I reached 10,000 miles on my Nissan LEAF this past Sunday evening. It’s probably a lot less than normal driving for about 22 months, but just goes to show that an ev is a perfect fit for me. I just don’t really drive that far.
Leonard Nimoy passed away earlier today. If you asked many people, they might tell you that they hear Morgan Freeman’s voice in their head when they imagine the voice of God. To me, it will always be Leonard Nimoy. That placid, chain-smoking-induced growl that, in part, made Spock such a wonderful character of his fills me with awe.

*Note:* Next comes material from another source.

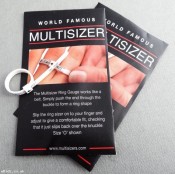 UK Ring Sizer, Free Shipping, Gauge Sizes, Easy To Use Reusable A-Z+9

As a child, in addition to Star Trek reruns (both the original series and the animated series), I grew up watching Nimoy host Nickelodean’s Standby: Lights, Camera, Action!. That show was a wonderful look at how movies are made. Nimoy was a wonderful host, engaging in demonstrations of special effects and occasional gags. His love of movies was evident. In a time before the internet, Wikipedia, and movie blogs, it was a source for me to learn about movies, actors, and directors. In fact, it was there that I first learned1 that the original Star Wars were the middle piece of a larger trilogy, and someday there would be prequels (before the word prequel existed, even, I think) and sequels2. I also learned about Star Trek III: The Search for Spock and the Klingon language from the same show. Of course, that film was directed by Nimoy, who’s involvement in movies and television grew beyond acting.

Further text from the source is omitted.